___ Given entries ___

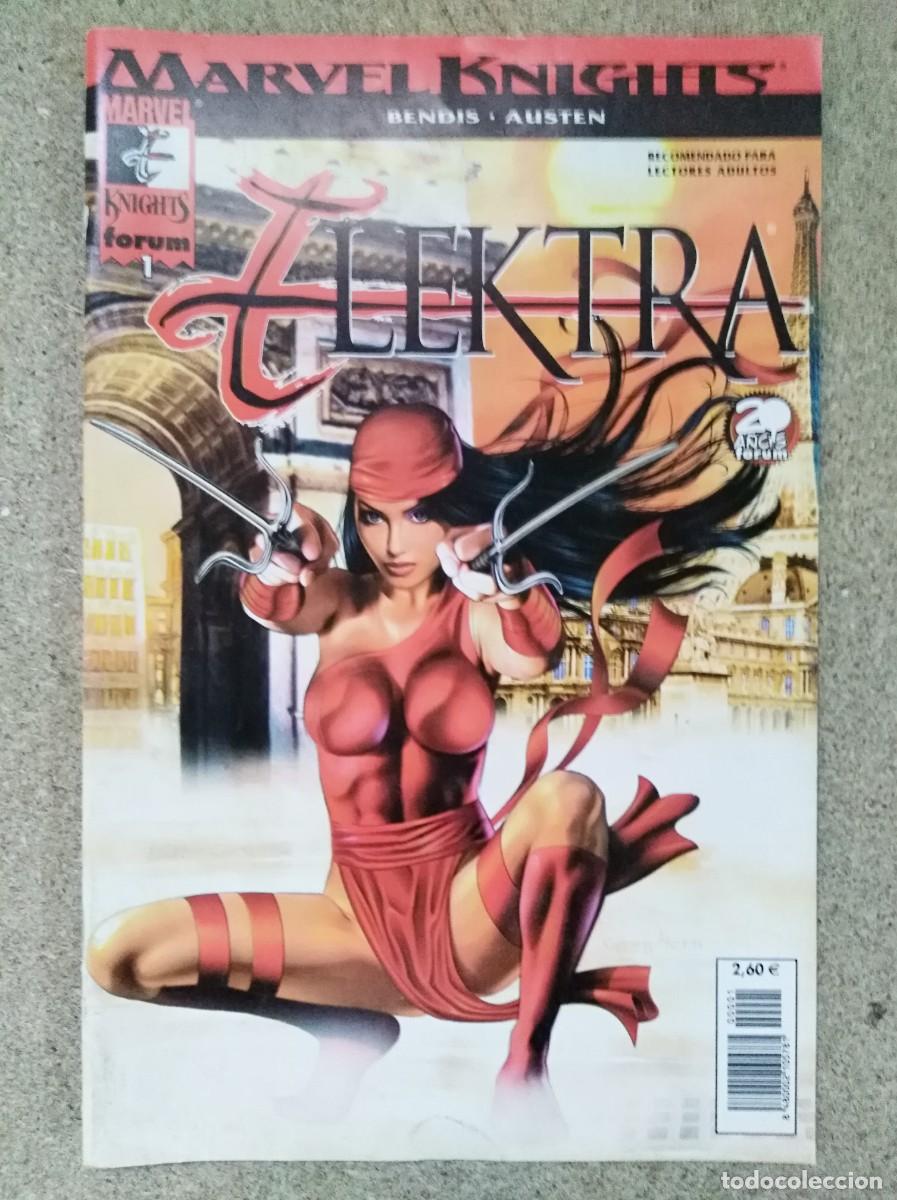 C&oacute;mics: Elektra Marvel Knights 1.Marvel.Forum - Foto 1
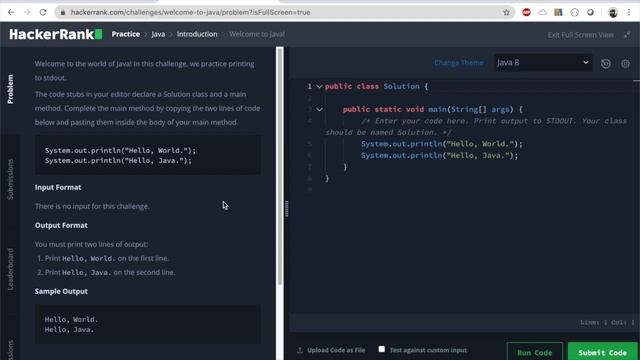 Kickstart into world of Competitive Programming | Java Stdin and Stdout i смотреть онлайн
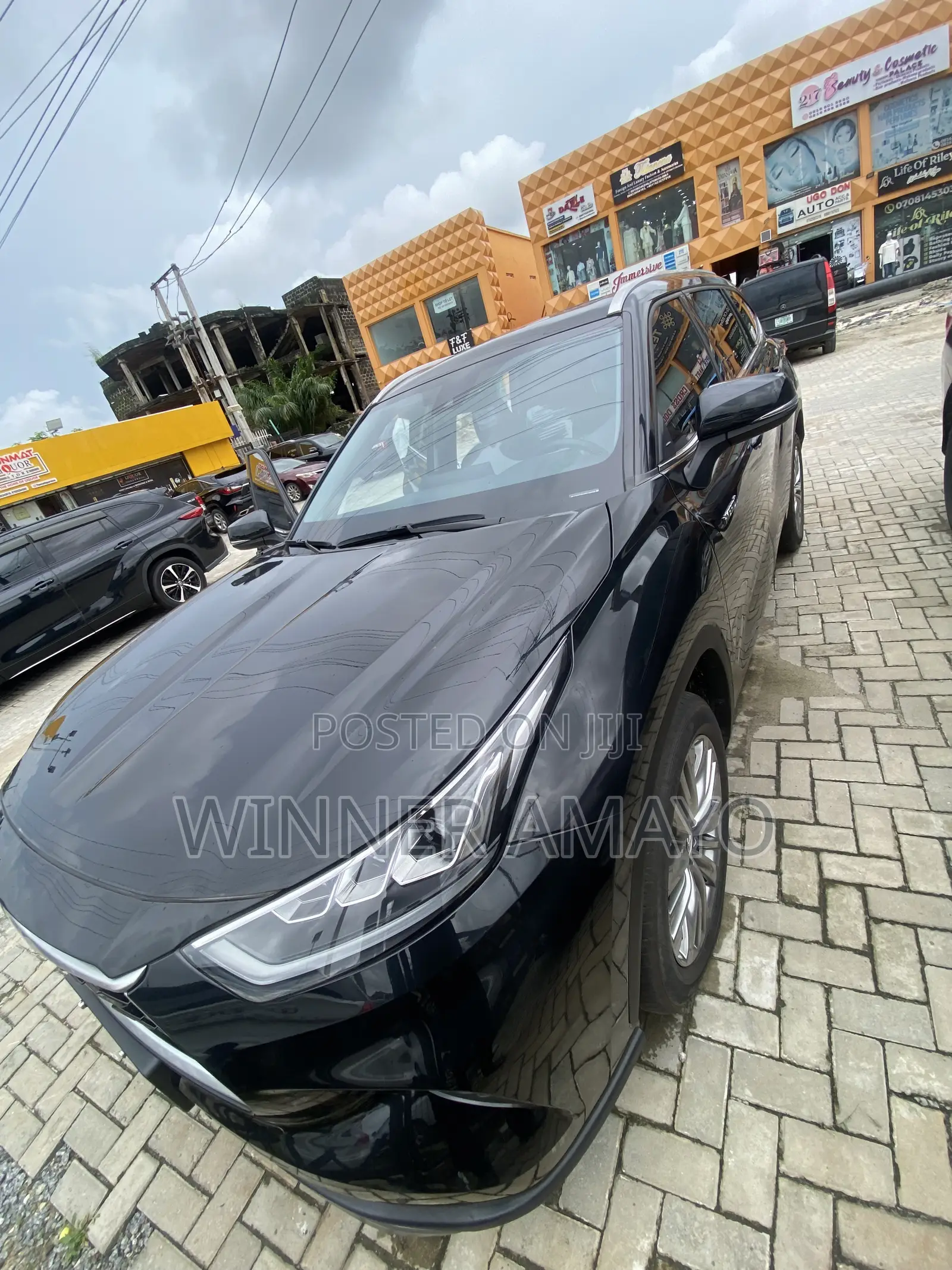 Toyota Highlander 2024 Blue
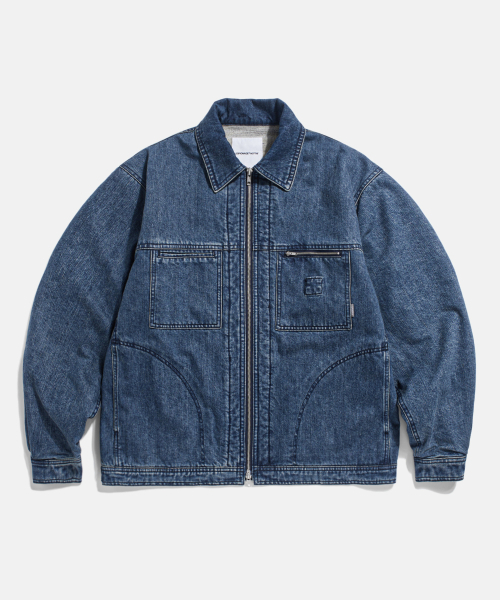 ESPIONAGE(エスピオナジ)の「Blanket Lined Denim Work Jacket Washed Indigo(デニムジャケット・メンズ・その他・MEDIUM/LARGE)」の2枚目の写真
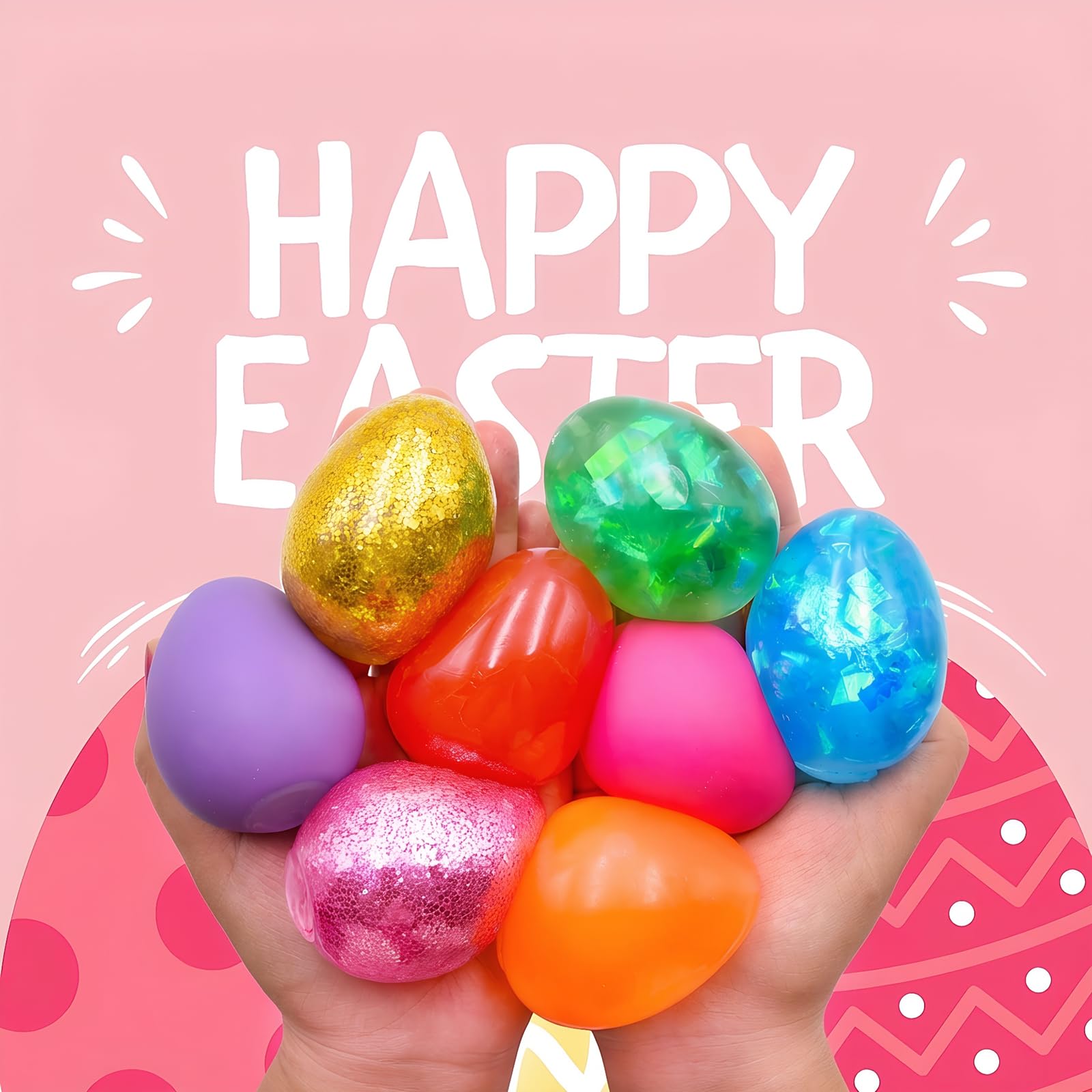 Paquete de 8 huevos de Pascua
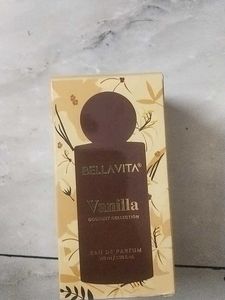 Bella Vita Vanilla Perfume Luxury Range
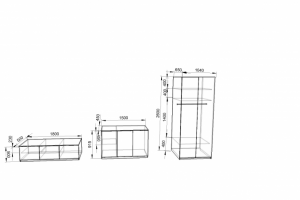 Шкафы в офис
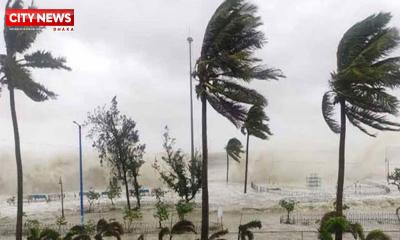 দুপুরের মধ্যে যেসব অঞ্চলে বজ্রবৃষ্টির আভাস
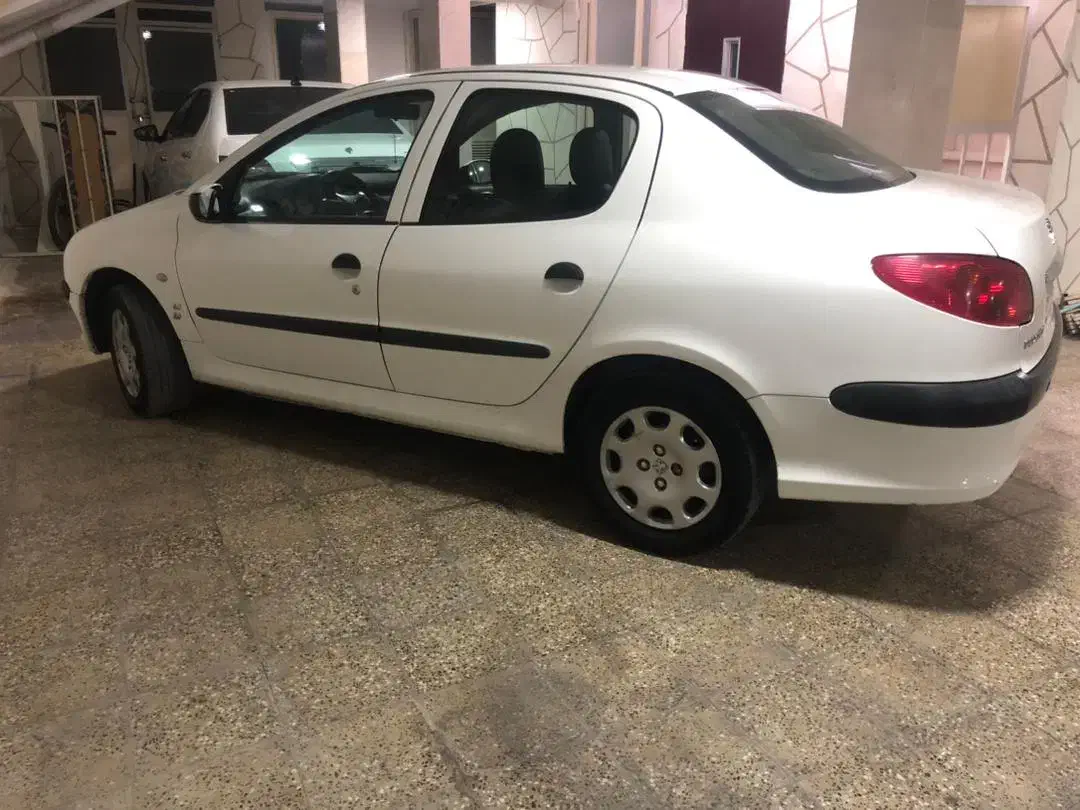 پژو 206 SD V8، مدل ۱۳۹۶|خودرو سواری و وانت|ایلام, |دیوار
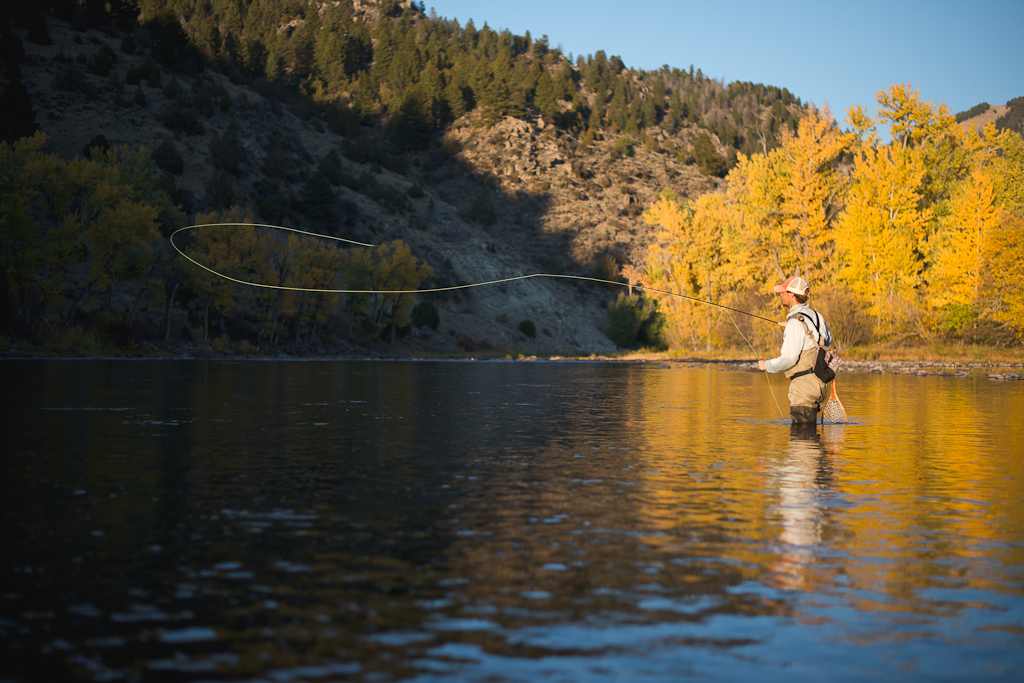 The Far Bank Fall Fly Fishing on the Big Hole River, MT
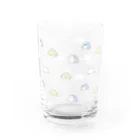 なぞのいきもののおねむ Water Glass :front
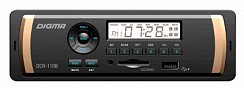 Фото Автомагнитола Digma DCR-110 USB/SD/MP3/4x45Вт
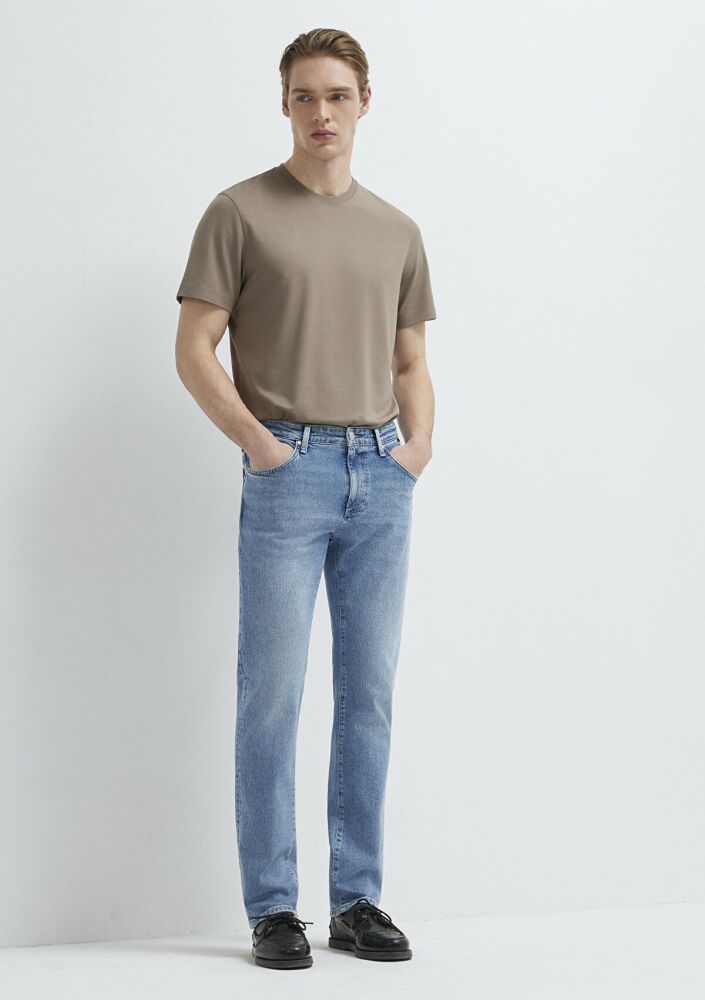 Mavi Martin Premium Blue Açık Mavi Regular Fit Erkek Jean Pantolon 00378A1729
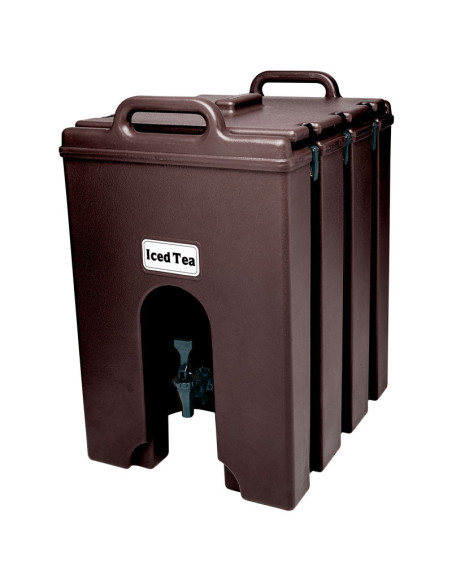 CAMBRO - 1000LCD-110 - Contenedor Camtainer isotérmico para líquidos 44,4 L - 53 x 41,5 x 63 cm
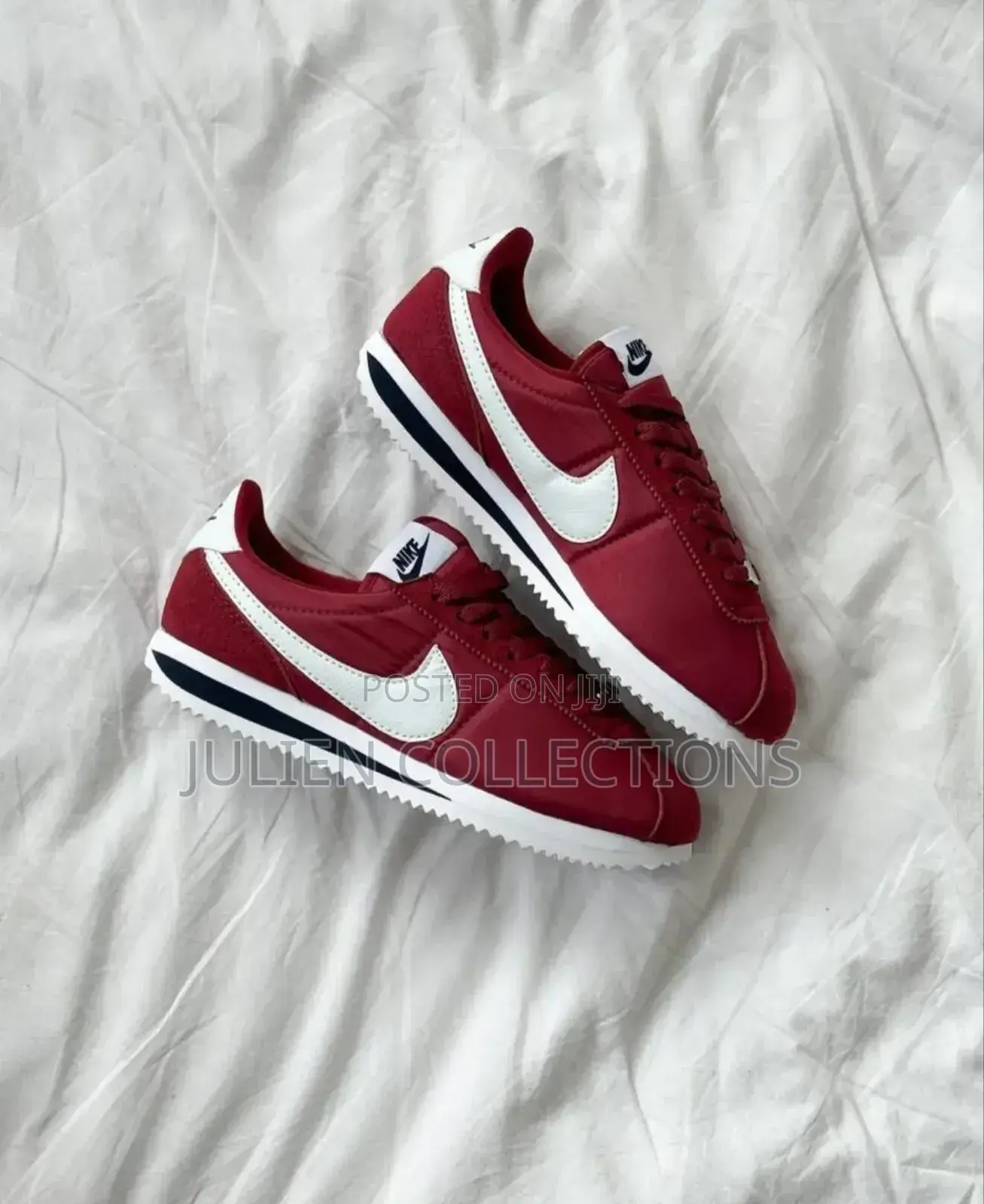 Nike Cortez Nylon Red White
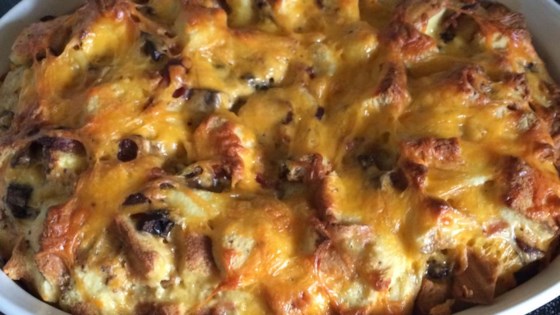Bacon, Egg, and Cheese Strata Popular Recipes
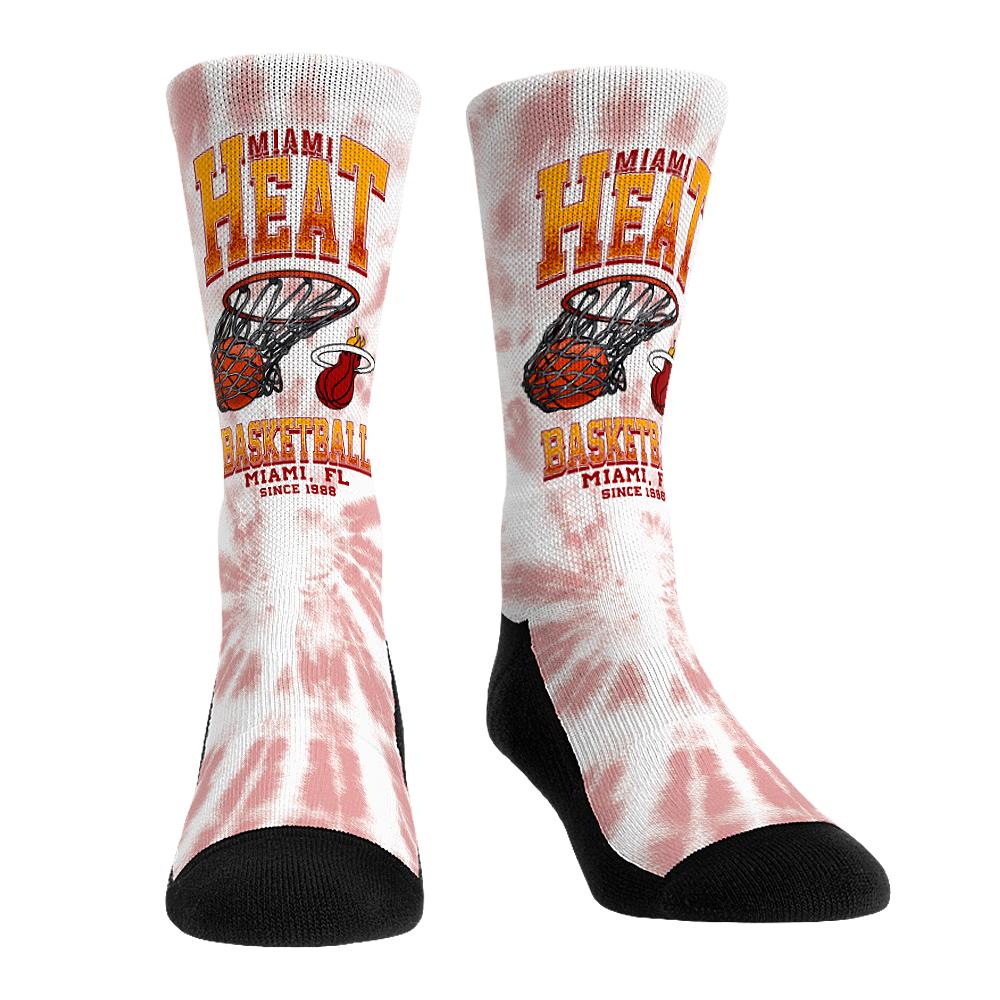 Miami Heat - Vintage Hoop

___

- **The task**: Begin at the line containing "Фото Автомагнитола Digma" and write out every line to the end of the data exactly. Skip the pictures.

- **Response to the exercise**:
 Фото Автомагнитола Digma DCR-110 USB/SD/MP3/4x45Вт
 Mavi Martin Premium Blue Açık Mavi Regular Fit Erkek Jean Pantolon 00378A1729
 CAMBRO - 1000LCD-110 - Contenedor Camtainer isotérmico para líquidos 44,4 L - 53 x 41,5 x 63 cm
 Nike Cortez Nylon Red White
Bacon, Egg, and Cheese Strata Popular Recipes
 Miami Heat - Vintage Hoop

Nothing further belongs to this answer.